RECORDED INFORMATION:
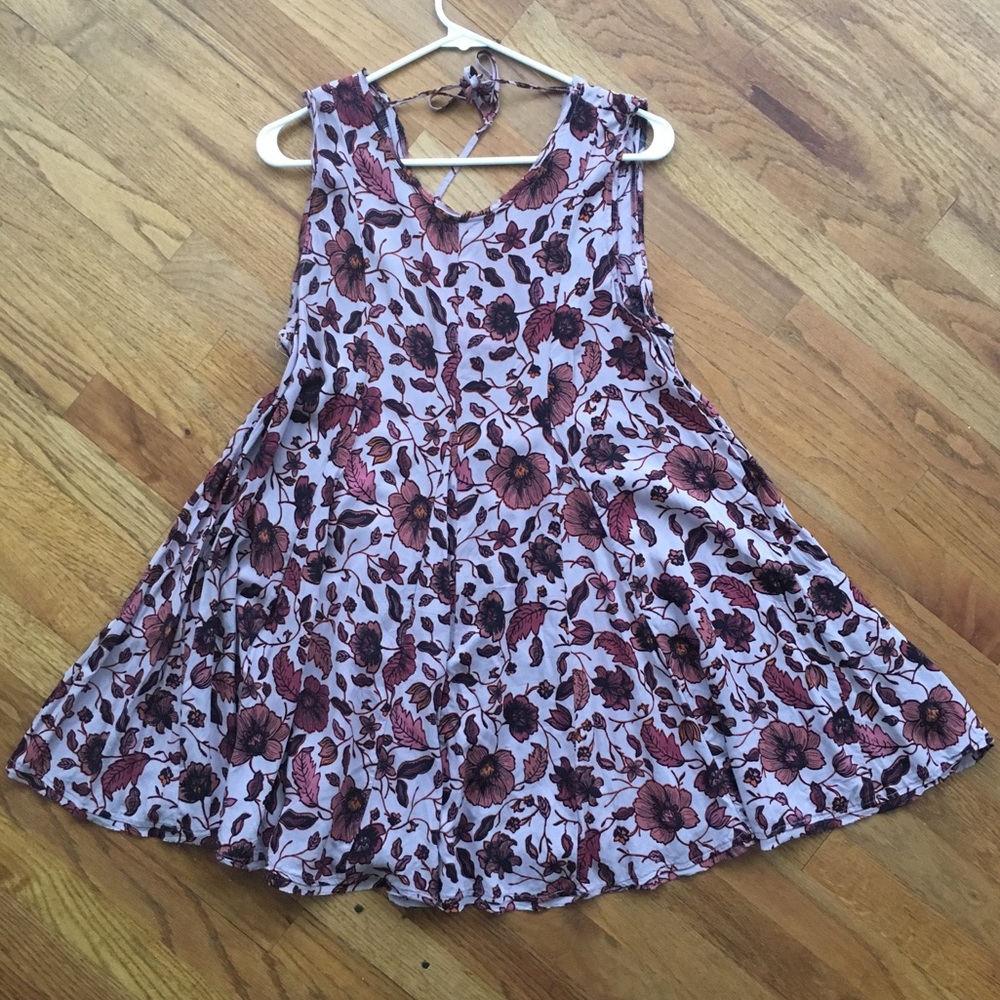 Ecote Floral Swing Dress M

...

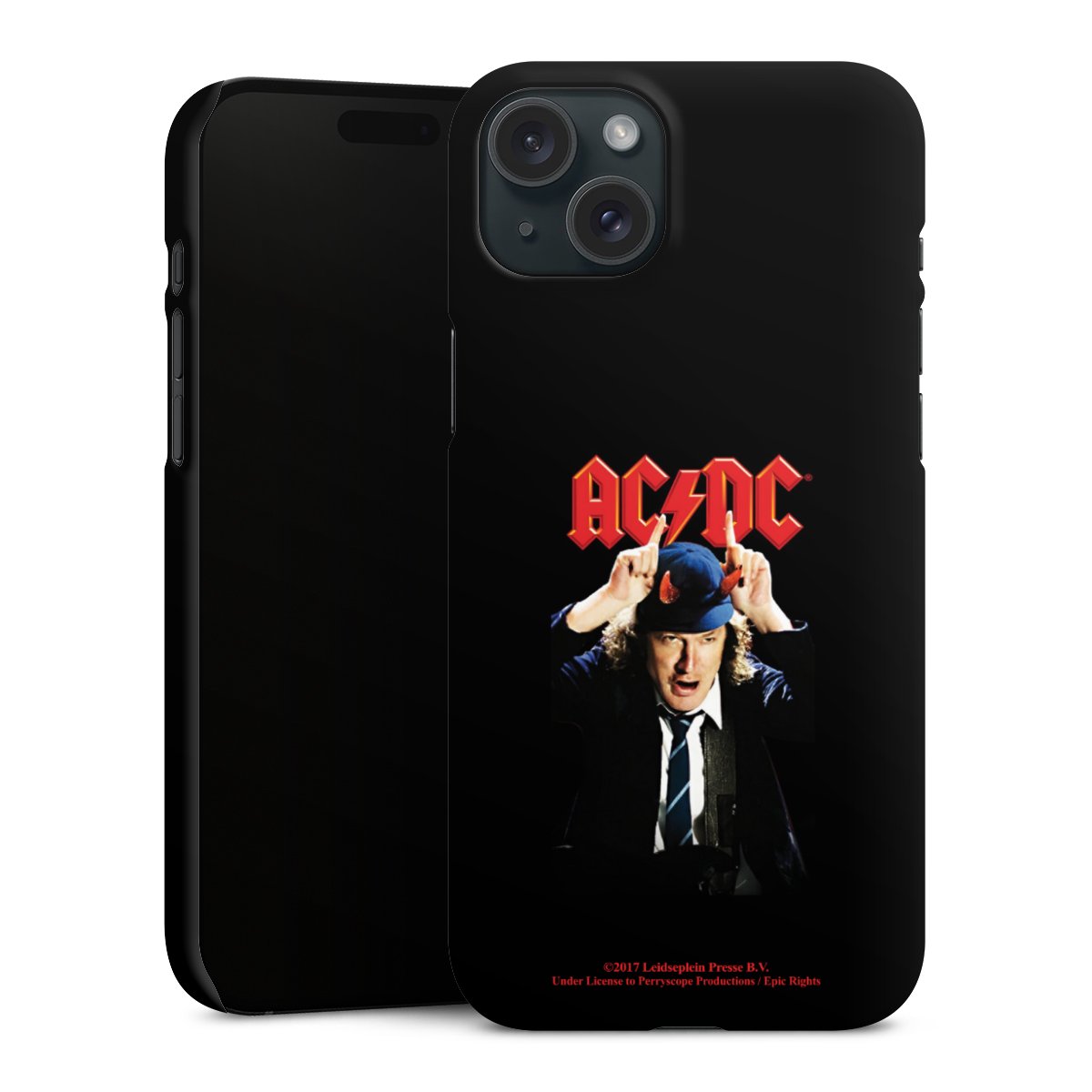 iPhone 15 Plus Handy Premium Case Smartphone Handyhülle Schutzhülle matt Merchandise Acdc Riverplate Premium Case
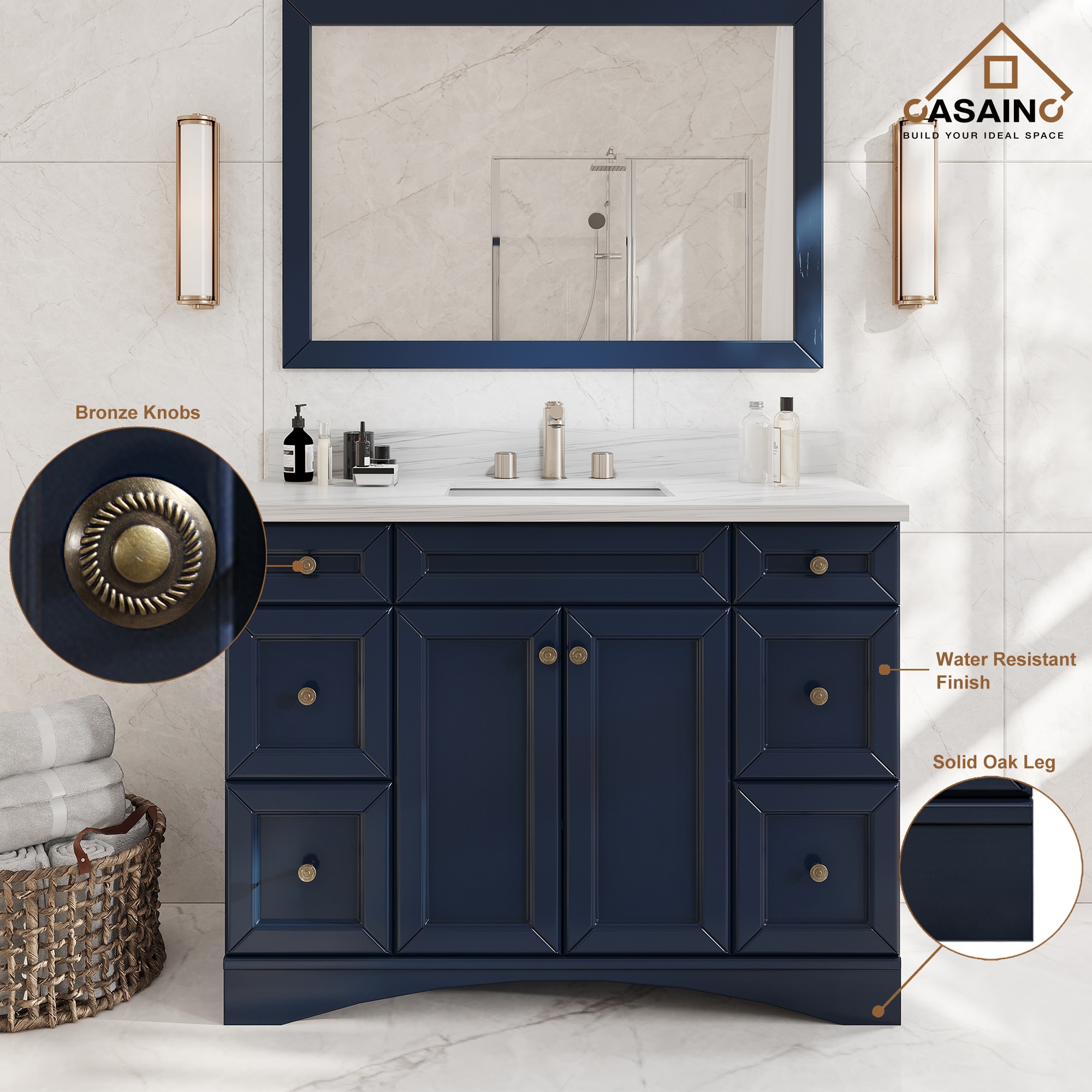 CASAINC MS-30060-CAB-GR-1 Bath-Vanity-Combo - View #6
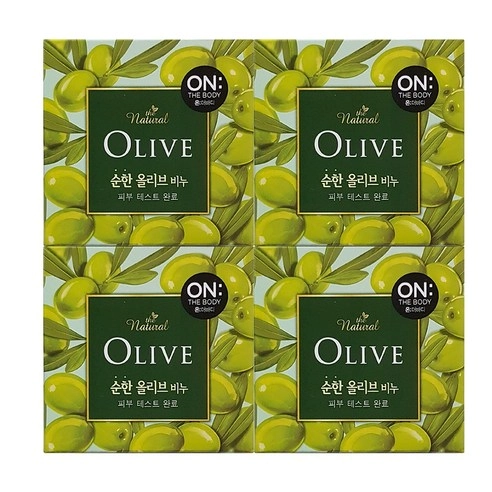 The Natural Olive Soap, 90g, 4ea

...

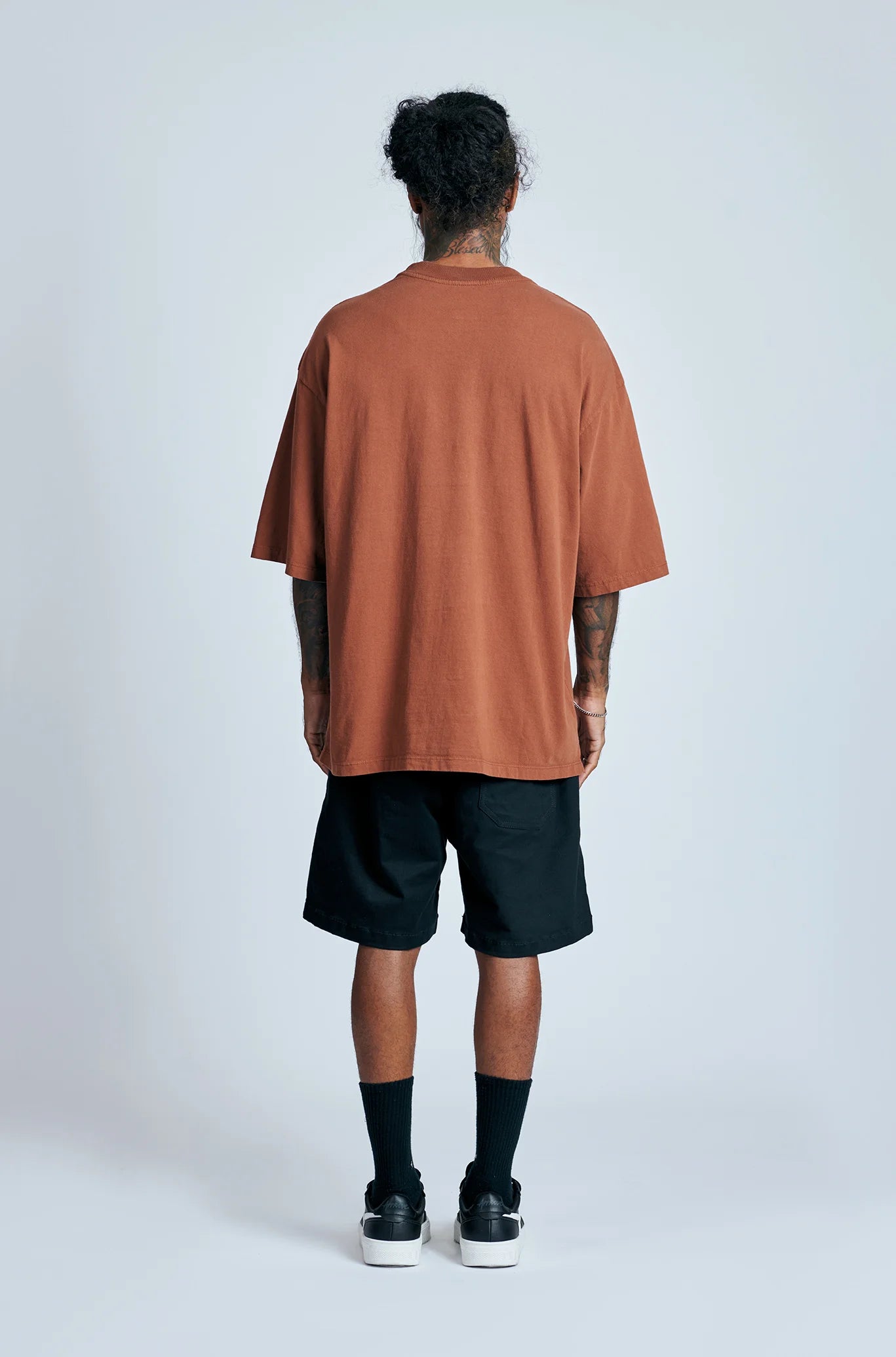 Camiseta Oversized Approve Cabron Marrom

PROBLEM DESCRIPTION:
Starting at the line above that contains "iPhone 15 Plus", transcribe every line exactly through the line that contains "The Natural Olive Soap, 90g, 4ea", including that last one, and skip the pictures.

THE ANSWER:
 iPhone 15 Plus Handy Premium Case Smartphone Handyhülle Schutzhülle matt Merchandise Acdc Riverplate Premium Case
 CASAINC MS-30060-CAB-GR-1 Bath-Vanity-Combo - View #6
 The Natural Olive Soap, 90g, 4ea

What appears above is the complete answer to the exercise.